● **Exercise brief**
Please restate the records below word for word, leaving out every picture.

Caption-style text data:
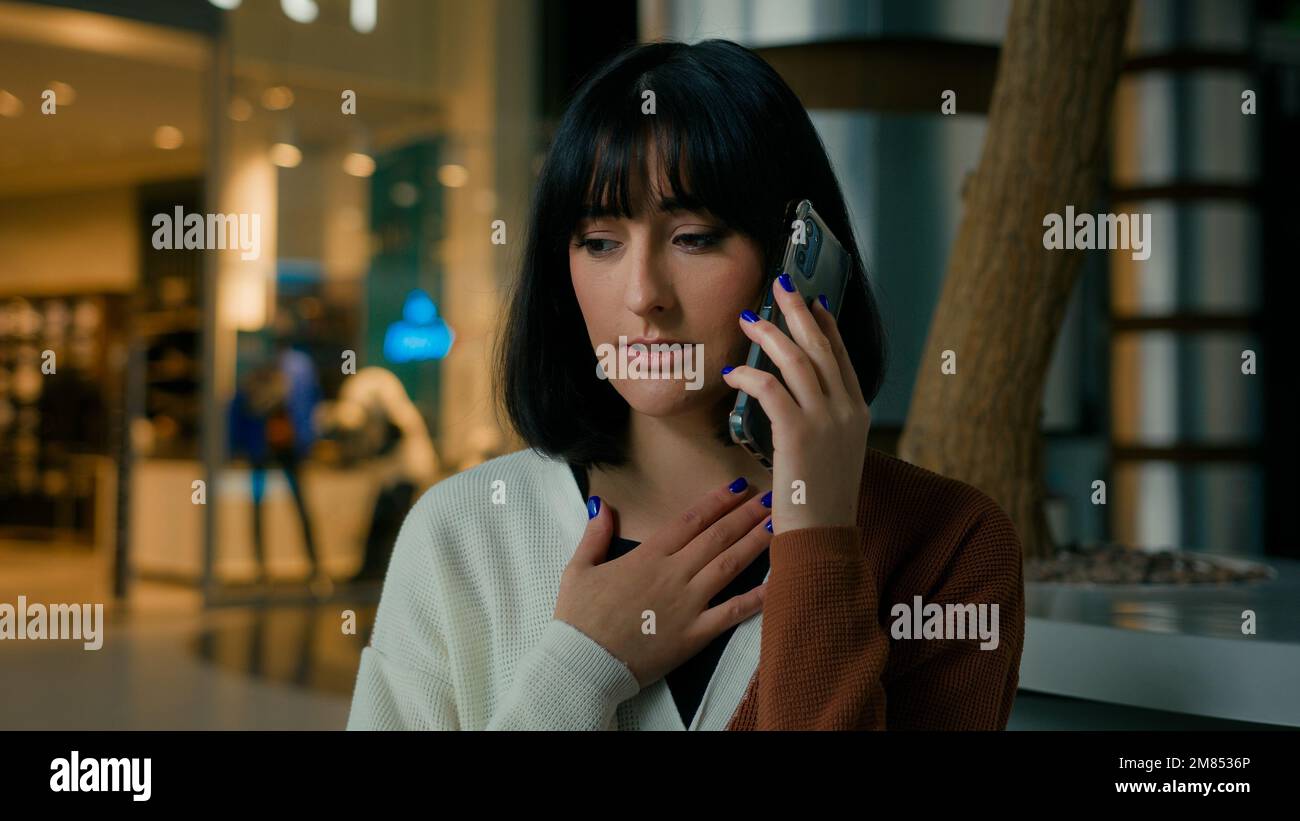 Worried upset woman indoors answer call talking phone disappointed shocked with smartphone conversation business problem lady speaking worry Stock Photo
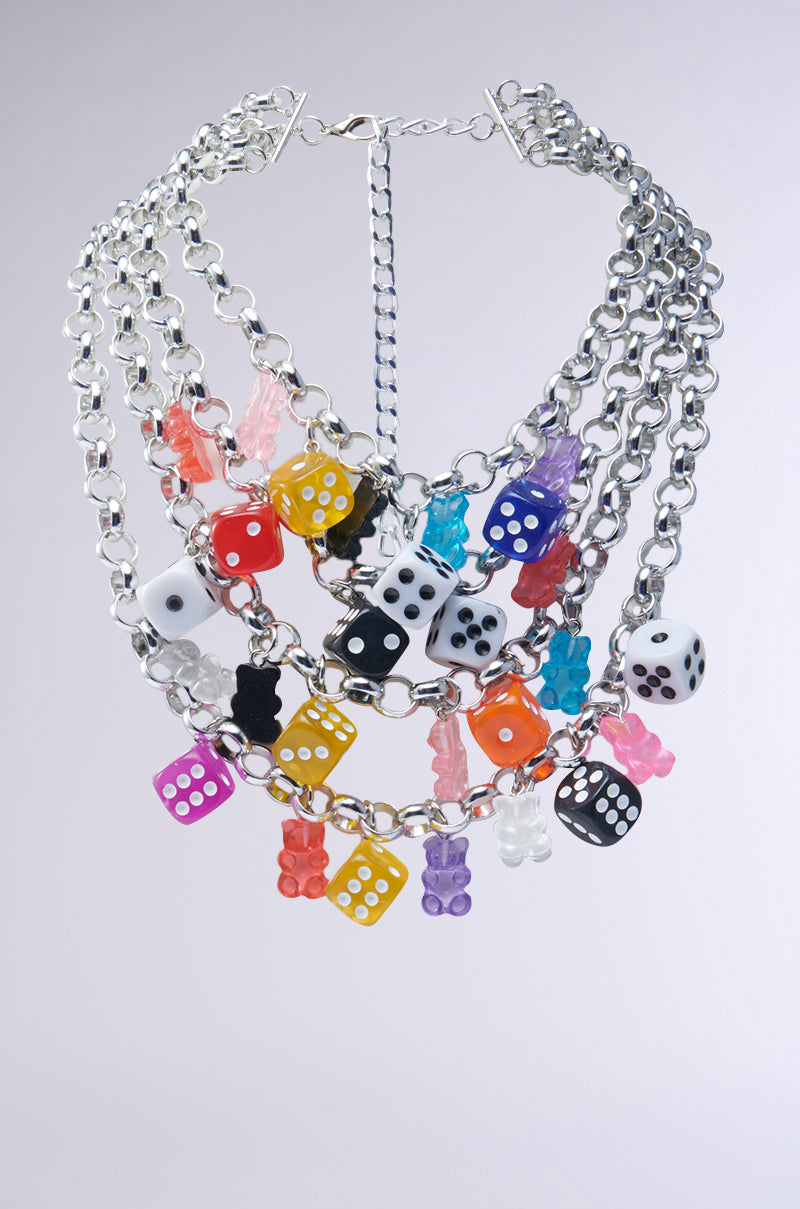 The ROLL THE DICE CHARM CHOKER showcases vibrant silver chains decorated with multicolored dice and gummy bear charms—red, blue, black, white, and orange. It features an adjustable clasp for versatile styling against a plain background.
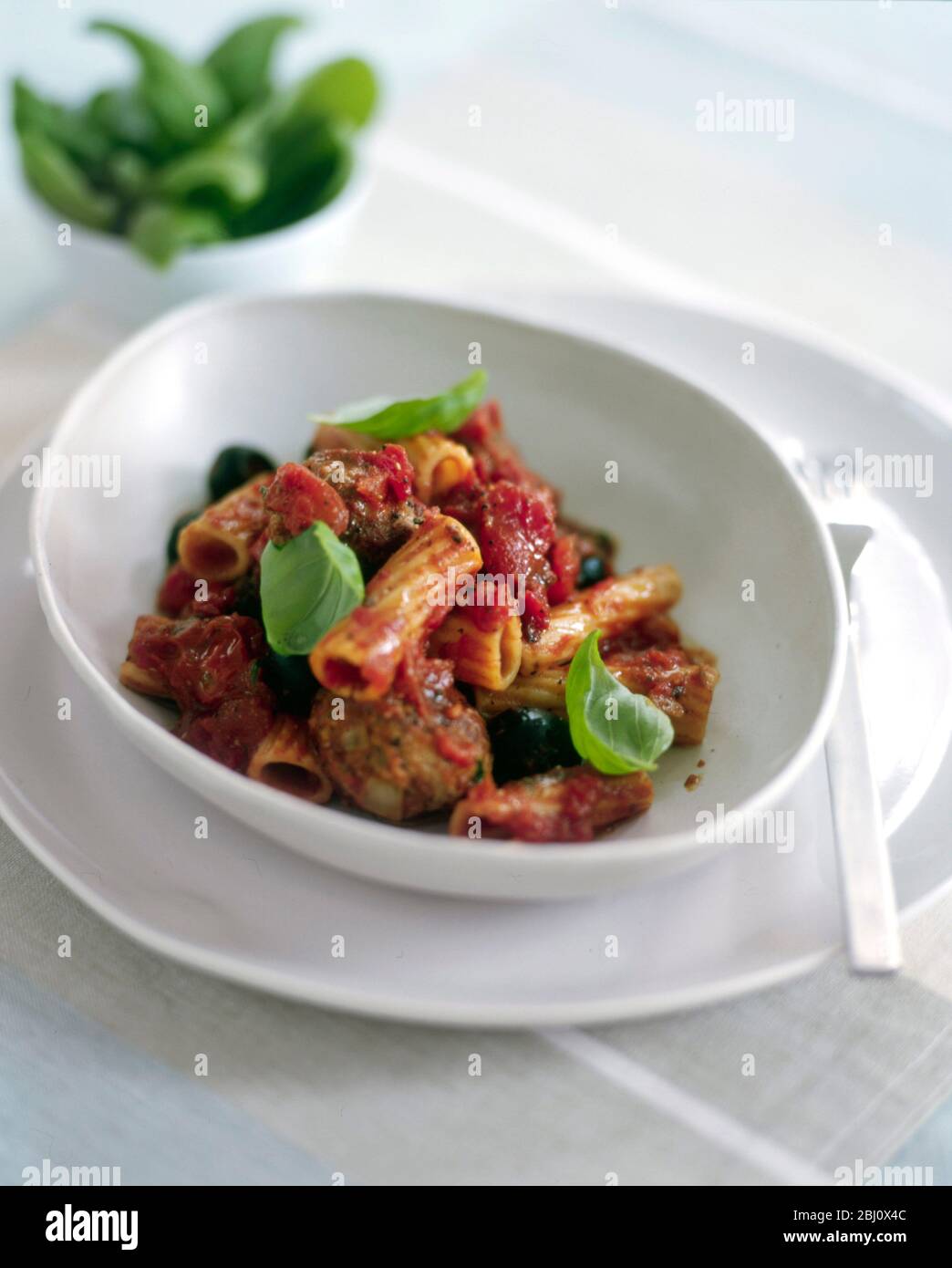 Servieren von Pasta mit Tomaten und schwarzer Olivensauce garniert mit Basilikum - Stockfoto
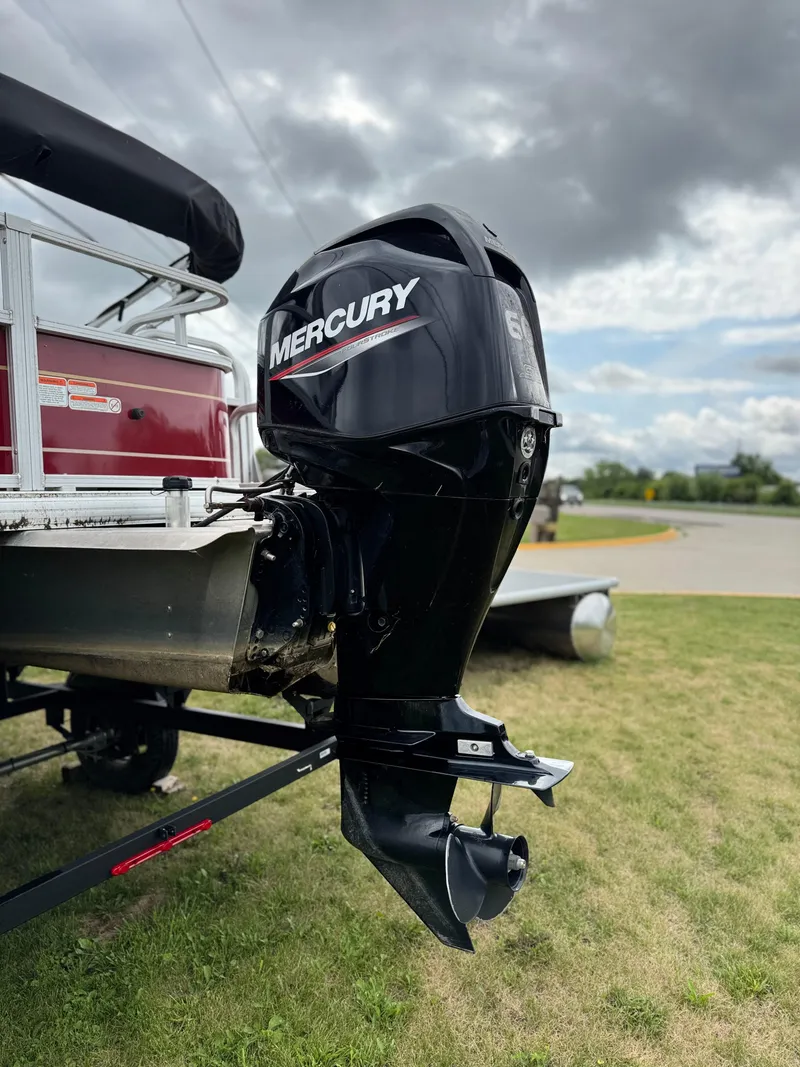 Slide: The Image of 2022 Sun Tracker Bass Buggy 18 DLX with Mercury outboard motor on grassy area. - 11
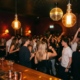 Tanzende Menge unter Disco-Kugel und Edison-Glühbirnen in einer stimmungsvollen Bar mit Cocktails im Amber-Licht.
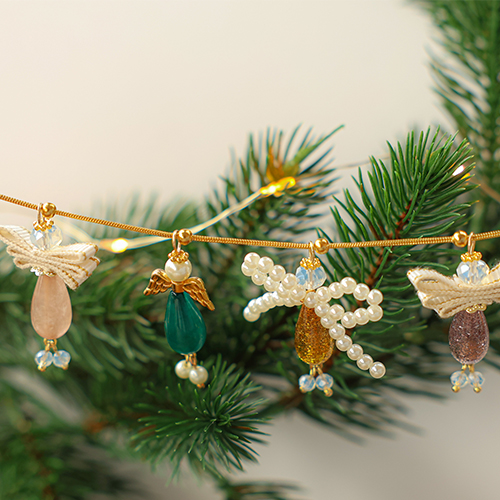 Cr&eacute;ez des designs magiques avec des perles Polaris en forme de goutte et des ailes d'ange !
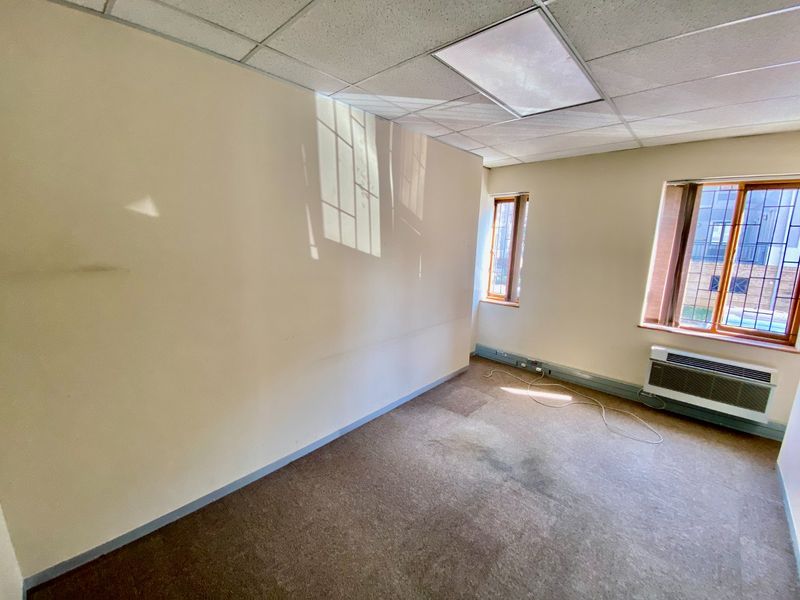 An empty commercial office space featuring a suspended ceiling, wall-mounted HVAC unit, and carpeted flooring with visible wear.
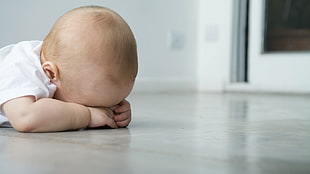 infant lying on floor HD wallpaper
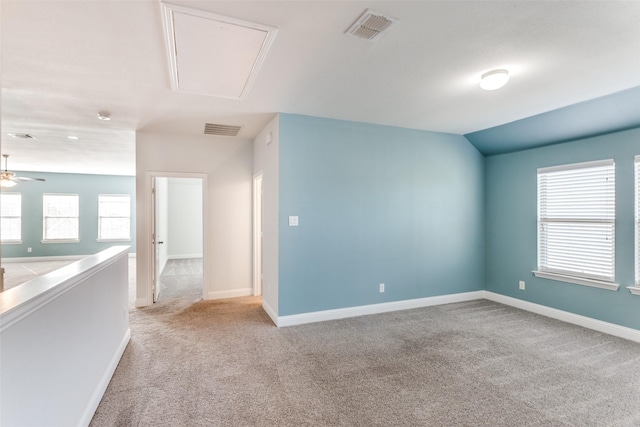 carpeted empty room with vaulted ceiling and ceiling fan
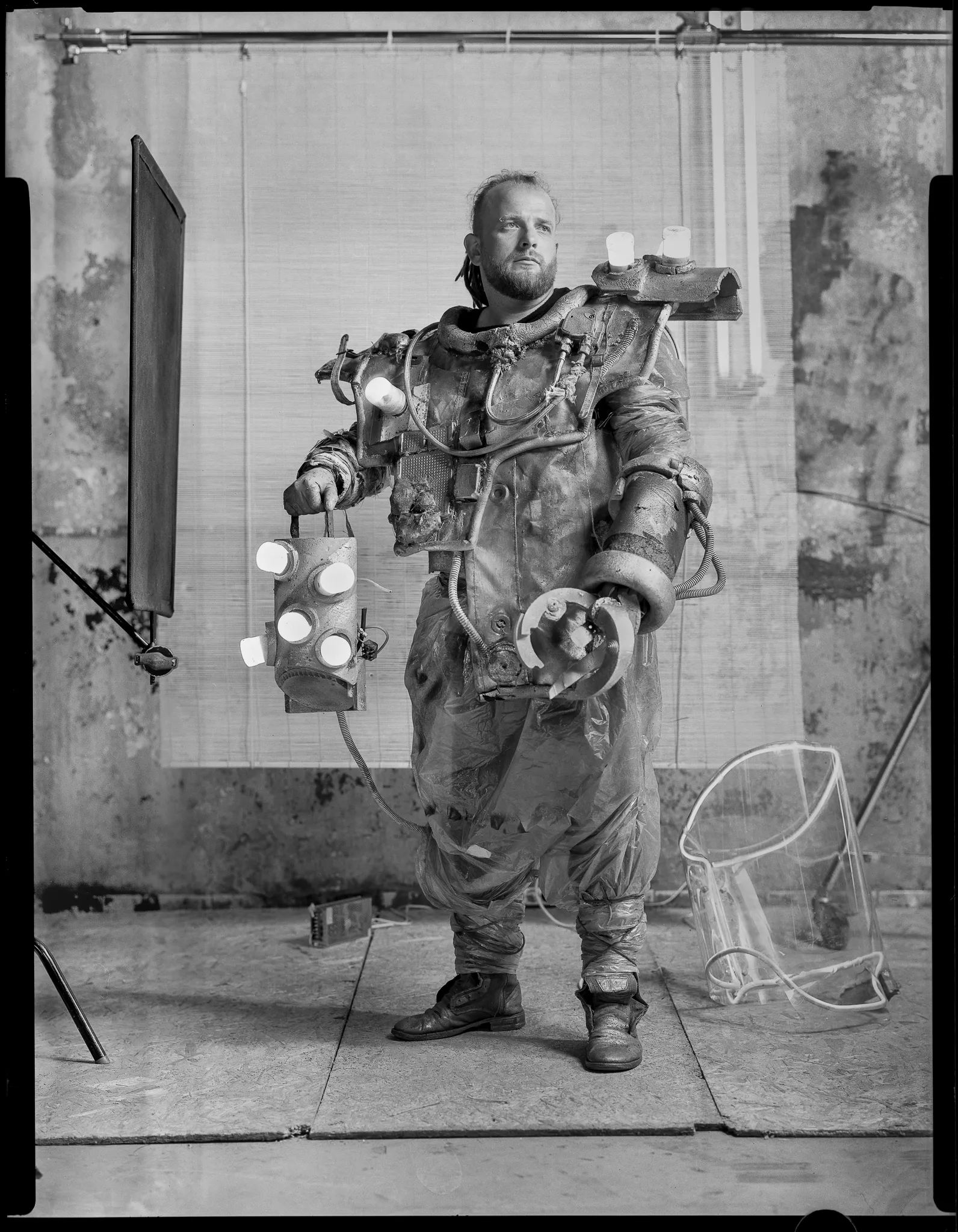 The Deepwater Treasure Hunter in a battered diving suit hung with lamps, on black-and-white sheet film.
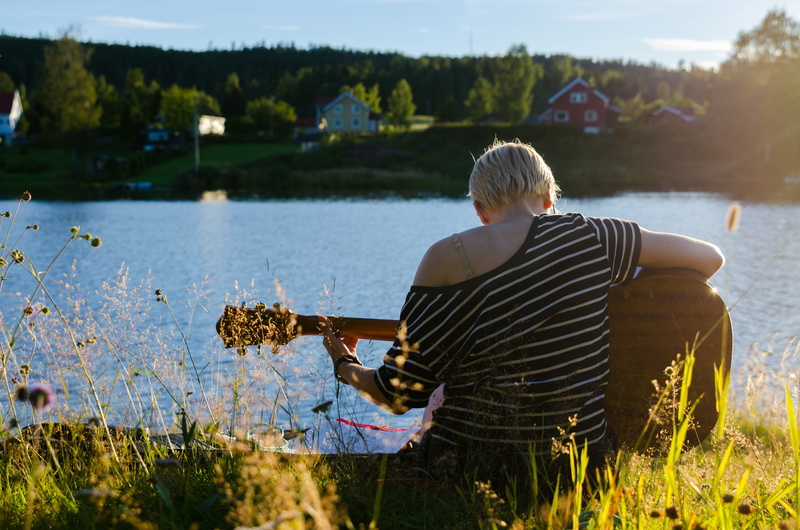 travel, fall, string instrument, houses, sunlight, romantic, grass, leisure activity, one person, 4K, recreation, scenic, day, water, relaxation, beauty in nature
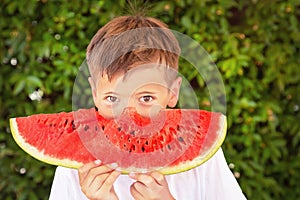 Happy child boy is eating a red juicy watermelon. Caucasian kid smiling and having fun. Concept of healthy food.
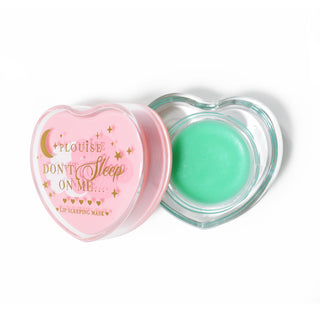 Pink heart-shaped lip sleeping mask with the lid off on a white background
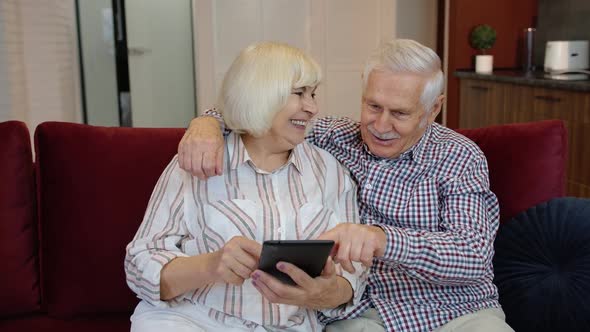 Senior Pensioner Couple with Digital Tablet Pc Computer at Home. Resting on Sofa in Cozy Living Room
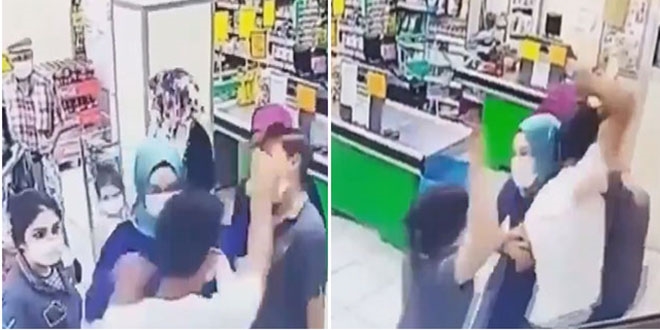 Market �al��an� kad�nla m��terinin kavgas� kamerada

● **Answer box**
 Worried upset woman indoors answer call talking phone disappointed shocked with smartphone conversation business problem lady speaking worry Stock Photo
 The ROLL THE DICE CHARM CHOKER showcases vibrant silver chains decorated with multicolored dice and gummy bear charms—red, blue, black, white, and orange. It features an adjustable clasp for versatile styling against a plain background.
 Servieren von Pasta mit Tomaten und schwarzer Olivensauce garniert mit Basilikum - Stockfoto
 Slide: The Image of 2022 Sun Tracker Bass Buggy 18 DLX with Mercury outboard motor on grassy area. - 11
 Tanzende Menge unter Disco-Kugel und Edison-Glühbirnen in einer stimmungsvollen Bar mit Cocktails im Amber-Licht.
 Cr&eacute;ez des designs magiques avec des perles Polaris en forme de goutte et des ailes d'ange !
 An empty commercial office space featuring a suspended ceiling, wall-mounted HVAC unit, and carpeted flooring with visible wear.
 infant lying on floor HD wallpaper
 carpeted empty room with vaulted ceiling and ceiling fan
 The Deepwater Treasure Hunter in a battered diving suit hung with lamps, on black-and-white sheet film.
 travel, fall, string instrument, houses, sunlight, romantic, grass, leisure activity, one person, 4K, recreation, scenic, day, water, relaxation, beauty in nature
 Happy child boy is eating a red juicy watermelon. Caucasian kid smiling and having fun. Concept of healthy food.
 Pink heart-shaped lip sleeping mask with the lid off on a white background
 Senior Pensioner Couple with Digital Tablet Pc Computer at Home. Resting on Sofa in Cozy Living Room
 Market �al��an� kad�nla m��terinin kavgas� kamerada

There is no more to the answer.